### Input material ###

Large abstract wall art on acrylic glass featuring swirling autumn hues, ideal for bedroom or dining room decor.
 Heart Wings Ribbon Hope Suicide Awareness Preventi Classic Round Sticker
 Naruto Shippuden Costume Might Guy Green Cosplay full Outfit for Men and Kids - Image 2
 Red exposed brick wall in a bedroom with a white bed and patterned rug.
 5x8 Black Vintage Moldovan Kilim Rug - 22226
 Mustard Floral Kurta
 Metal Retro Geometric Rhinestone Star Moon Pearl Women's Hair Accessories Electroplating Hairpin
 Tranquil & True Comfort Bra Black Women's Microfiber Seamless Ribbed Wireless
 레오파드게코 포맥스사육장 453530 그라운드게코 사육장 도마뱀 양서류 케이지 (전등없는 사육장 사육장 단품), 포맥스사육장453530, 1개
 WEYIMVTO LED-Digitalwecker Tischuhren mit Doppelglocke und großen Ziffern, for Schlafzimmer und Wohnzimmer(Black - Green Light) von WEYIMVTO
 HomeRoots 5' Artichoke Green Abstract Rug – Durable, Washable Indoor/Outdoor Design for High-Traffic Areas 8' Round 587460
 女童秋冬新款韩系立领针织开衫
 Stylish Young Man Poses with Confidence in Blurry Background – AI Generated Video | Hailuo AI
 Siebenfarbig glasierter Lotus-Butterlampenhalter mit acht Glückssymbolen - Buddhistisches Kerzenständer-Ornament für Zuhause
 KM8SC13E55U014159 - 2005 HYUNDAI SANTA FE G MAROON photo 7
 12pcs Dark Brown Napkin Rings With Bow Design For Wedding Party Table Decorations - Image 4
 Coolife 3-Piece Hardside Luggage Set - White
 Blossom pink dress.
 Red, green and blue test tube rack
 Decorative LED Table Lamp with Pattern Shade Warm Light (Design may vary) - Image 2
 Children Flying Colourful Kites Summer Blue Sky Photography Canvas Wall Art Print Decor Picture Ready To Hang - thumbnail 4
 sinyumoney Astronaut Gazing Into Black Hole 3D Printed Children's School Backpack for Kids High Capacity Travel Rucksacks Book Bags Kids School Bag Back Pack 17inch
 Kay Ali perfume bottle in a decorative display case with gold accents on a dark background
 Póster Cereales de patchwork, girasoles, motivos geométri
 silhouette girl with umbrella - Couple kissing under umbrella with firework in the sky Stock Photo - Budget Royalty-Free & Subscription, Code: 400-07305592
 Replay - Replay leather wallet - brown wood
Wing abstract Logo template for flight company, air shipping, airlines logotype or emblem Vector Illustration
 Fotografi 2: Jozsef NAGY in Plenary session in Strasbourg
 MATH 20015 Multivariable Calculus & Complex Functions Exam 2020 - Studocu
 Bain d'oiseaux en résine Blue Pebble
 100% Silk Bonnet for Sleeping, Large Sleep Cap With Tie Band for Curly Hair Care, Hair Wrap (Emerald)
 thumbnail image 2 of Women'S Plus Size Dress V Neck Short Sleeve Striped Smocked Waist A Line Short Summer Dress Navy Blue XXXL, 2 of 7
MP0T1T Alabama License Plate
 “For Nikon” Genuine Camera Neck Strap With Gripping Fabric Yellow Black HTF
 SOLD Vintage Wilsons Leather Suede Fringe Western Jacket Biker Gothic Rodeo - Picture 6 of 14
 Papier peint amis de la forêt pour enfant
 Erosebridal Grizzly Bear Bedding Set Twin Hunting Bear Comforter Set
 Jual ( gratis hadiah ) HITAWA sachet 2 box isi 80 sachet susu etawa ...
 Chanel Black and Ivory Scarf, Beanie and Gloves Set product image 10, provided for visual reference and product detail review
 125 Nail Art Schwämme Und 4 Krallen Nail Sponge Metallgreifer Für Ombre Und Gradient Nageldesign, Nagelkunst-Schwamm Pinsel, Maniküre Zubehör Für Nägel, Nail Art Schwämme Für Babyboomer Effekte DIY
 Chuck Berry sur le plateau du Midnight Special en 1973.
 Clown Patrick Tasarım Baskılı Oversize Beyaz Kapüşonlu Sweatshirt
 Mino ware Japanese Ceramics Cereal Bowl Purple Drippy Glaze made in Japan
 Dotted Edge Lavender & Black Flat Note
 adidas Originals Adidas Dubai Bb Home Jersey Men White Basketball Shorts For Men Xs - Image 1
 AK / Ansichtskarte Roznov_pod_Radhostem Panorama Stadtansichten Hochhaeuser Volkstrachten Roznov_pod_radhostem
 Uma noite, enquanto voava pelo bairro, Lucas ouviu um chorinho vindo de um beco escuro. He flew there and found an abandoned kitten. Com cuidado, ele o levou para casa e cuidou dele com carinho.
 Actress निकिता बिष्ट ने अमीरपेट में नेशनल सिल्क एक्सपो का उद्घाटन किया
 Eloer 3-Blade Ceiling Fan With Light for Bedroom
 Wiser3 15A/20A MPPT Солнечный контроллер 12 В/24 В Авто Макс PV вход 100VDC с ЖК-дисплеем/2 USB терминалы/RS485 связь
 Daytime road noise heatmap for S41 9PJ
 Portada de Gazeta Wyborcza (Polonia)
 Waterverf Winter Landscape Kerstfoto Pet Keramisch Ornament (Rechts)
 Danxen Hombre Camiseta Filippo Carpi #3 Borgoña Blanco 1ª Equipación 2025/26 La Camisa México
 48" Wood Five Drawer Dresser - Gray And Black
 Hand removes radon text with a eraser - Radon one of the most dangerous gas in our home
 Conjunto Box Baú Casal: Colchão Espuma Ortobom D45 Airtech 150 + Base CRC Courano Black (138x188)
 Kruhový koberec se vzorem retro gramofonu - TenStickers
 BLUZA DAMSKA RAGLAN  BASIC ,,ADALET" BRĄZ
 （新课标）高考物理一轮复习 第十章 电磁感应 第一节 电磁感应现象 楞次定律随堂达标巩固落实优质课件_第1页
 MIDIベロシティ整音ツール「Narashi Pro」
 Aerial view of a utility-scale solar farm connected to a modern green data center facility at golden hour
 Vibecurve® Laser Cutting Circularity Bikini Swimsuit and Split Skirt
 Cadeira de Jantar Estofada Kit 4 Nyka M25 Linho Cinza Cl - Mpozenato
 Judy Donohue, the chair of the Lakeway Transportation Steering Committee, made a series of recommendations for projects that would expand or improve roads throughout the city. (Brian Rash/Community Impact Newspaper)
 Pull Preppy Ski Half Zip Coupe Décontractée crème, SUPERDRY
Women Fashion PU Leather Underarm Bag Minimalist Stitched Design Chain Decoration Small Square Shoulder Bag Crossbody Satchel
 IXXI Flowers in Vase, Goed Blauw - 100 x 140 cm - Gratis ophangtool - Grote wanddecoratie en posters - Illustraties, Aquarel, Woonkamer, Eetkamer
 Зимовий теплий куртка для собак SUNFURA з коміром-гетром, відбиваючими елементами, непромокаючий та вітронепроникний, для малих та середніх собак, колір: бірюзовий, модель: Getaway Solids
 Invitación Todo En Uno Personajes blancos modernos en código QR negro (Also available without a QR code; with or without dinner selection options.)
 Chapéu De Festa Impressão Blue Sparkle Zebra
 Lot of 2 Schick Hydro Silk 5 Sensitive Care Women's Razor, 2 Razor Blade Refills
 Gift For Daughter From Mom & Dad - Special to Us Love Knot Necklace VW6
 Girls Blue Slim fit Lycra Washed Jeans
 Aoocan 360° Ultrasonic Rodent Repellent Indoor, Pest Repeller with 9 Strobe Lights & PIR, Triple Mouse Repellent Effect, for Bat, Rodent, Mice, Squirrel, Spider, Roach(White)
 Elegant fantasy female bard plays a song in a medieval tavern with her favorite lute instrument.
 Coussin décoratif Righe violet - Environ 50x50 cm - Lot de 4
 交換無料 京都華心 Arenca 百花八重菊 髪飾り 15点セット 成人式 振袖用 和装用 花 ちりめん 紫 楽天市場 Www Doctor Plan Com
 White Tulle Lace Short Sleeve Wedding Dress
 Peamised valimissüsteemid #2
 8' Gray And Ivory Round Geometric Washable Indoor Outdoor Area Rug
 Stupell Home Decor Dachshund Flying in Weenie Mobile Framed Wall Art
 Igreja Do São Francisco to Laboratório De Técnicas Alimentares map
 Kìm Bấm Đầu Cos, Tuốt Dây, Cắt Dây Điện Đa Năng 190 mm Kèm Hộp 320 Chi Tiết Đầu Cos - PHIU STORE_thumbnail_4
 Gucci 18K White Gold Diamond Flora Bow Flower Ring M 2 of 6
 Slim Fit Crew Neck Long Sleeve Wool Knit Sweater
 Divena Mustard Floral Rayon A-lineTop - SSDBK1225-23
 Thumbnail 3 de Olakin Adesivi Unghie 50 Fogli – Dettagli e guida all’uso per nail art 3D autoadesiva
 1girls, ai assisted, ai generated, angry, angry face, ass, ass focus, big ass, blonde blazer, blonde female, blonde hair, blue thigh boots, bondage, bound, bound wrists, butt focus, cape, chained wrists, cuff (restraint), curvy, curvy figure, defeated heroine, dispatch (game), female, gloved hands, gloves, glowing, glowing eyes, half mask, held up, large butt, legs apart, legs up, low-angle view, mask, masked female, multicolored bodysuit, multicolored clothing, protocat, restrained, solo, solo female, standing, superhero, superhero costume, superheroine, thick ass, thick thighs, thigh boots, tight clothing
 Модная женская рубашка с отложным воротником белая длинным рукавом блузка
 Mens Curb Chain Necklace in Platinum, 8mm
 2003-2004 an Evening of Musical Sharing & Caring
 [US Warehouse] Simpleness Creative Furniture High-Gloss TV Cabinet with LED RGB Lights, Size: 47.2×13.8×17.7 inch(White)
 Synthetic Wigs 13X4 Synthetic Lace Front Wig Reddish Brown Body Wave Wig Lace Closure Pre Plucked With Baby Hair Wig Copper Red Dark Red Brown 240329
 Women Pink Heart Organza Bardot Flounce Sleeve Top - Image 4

###

_What you should do_.
Your answer should consist only of the lines above between the line holding "第一节 电磁感应现象 楞次定律随堂达标巩固落实优质课件_第1页" and the line holding "Vibecurve® Laser Cutting", inclusive, each transcribed exactly.

_Result of this task_.
 （新课标）高考物理一轮复习 第十章 电磁感应 第一节 电磁感应现象 楞次定律随堂达标巩固落实优质课件_第1页
 MIDIベロシティ整音ツール「Narashi Pro」
 Aerial view of a utility-scale solar farm connected to a modern green data center facility at golden hour
 Vibecurve® Laser Cutting Circularity Bikini Swimsuit and Split Skirt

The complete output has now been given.